A perfect integration of a footballer in a team means to maximise his capacities and compensate for his limitations or conditioning factors through the collective. Although a perfect integration does not exist per se, since a player’s capacities and weaknesses are not fixed but variable.
Lionel Messi has almost no limitations but a few conditioning factors. He needs to be permanently involved in the game, so a lot of passes and influence must go through him. Despite starting from the right wing, his tendency is to drift inside towards the centre, where there is more action and he has more options. The distances he covers must be short but impactful. He can press but when the team is high and compact and his duties are very specific.
No coach has achieved to integrate Messi into his side better than Pep Guardiola — as should surprise no one, with him being second to none at understanding the talents he has to work with. The false 9 ensured structural symmetry: winger—false 9—winger rather than winger—striker—10. That and the high, tight block made the Argentinian participate in the pressing.

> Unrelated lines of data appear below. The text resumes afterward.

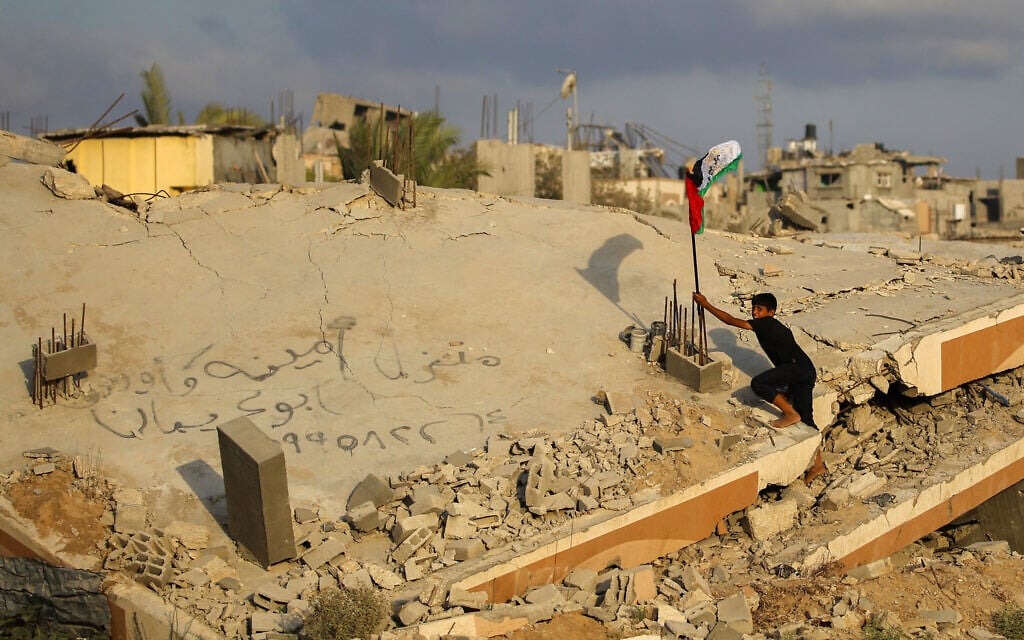 A Palestinian child raises a Palestinian flag as he climbs on the rubble of a destroyed building at the Bureij camp in the central Gaza Strip on September 22, 2025.(Photo by Eyad BABA / AFP)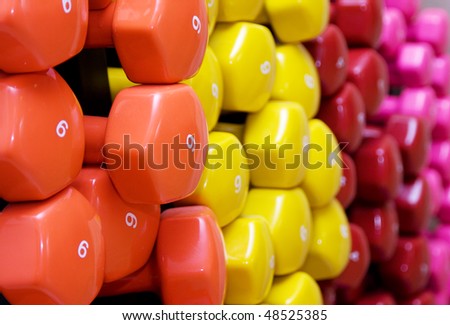 dumbbell, barbell. Background of many color weights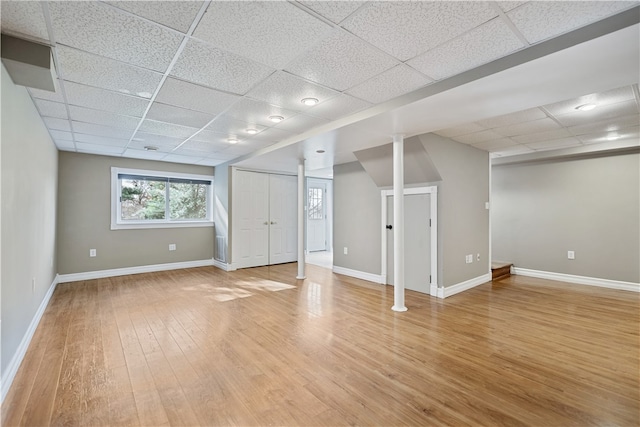 basement with light wood-type flooring and a paneled ceiling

And there was permanent width with natural wingers instead of the full-backs having to provide it. He had runners in front, with the likes of Pedro and David Villa, that generated him space and diagonal passing options; and he also had teammates in close proximity, like Andrés Iniesta and Xavi. Messi’s maturity and reading of the game has made every Barça side since be shaped around his figure, but no one managed to make the relationship as fluid as Guardiola.